The government must do more to improve the energy efficiency of existing homes, MPs have said.

A drive for improvements in new homes means "insufficient priority" for existing stock, the communities and local government committee said.

Environment Secretary Hilary Benn agreed the energy efficiency of older buildings must be improved, adding that "simple steps" would cut emissions.
Ministers have promised to make every new home built in England "zero carbon" from 2016.

But the committee said current housing policy "risks neglecting the environmental impact" of the UK's existing housing stock of more than 25 million homes.
The committee also proposes that energy performance certificates, contained in Home Information Packs (HIPs), be required for homeowners seeking planning permission.
"We need neither a mass demolition programme followed by the construction of replacement eco-homes nor to preserve every last pre-1919 building precisely as it was on the day it was built."

MPs have a habit of producing reports that say nothing new, and this one is no exception.

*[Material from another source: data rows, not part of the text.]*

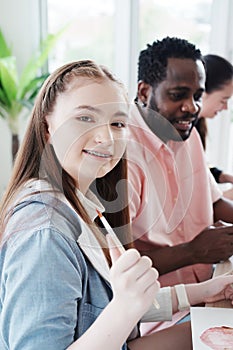 Smiling Caucasian studens girl is holding paintbrush for drawing and painting with watercolor for art with African teacher man in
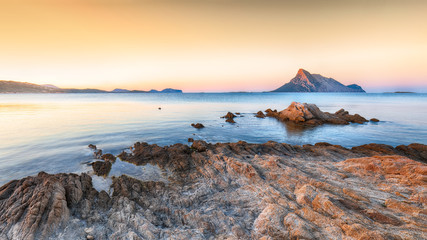 Fantastic sunset time over azure water with rocks near beach Porto Taverna.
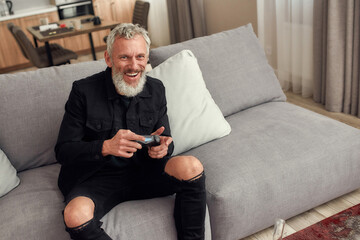 Stay on top. Bearded middle-aged man holding controller, playing video games after smoking...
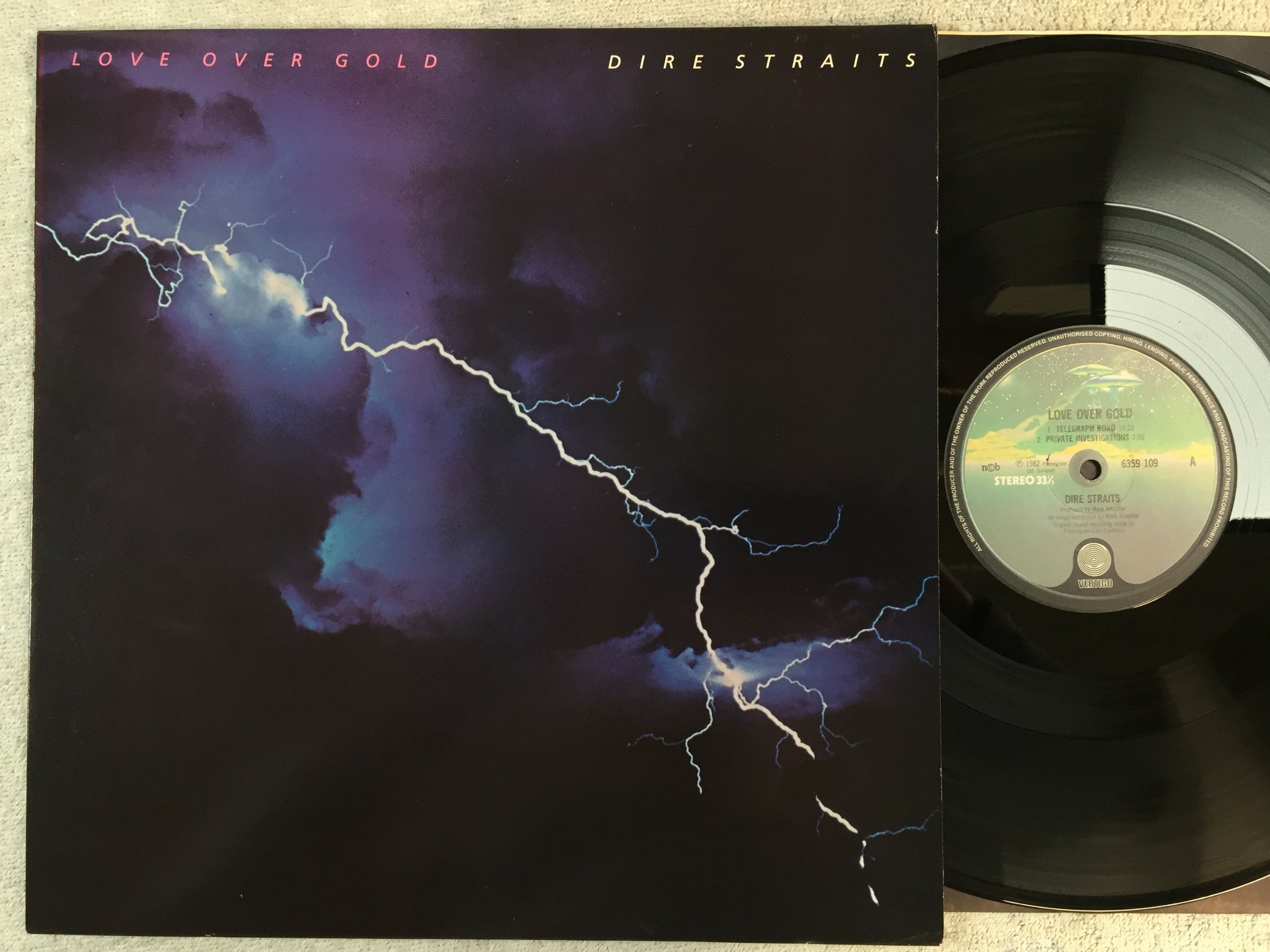 Omslagsbild för skivan DIRE STRAITS love over gold LP ncb -82 VERTIGO 6359109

Their one suggestion quoted in the article, that "energy performance certificates ... be required for homeowners seeking planning permission" (of any sort???) is just plain silly. It's just adding cost to what is already a ridiculously over-bureaucratic (and hence over-costly) procedure, for no real reason and no real gain.

In a coordinated article, the BBC says:

UK home-owners are not prepared to make the changes needed to live in "zero carbon" homes, according to a report.

People felt the eco-friendly buildings would require extra maintenance and that they would have to cut back on certain appliances, it added.

The National House-Building Council (NHBC) Foundation study said buyers also feared the homes would cost more.
The findings of the report were based on more than 500 interviews with homeowners and nine focus groups, which were carried out by research organisation EPR.

Despite widespread media coverage of climate change, the study found that energy efficiency was not a major factor when it came to choosing a new home.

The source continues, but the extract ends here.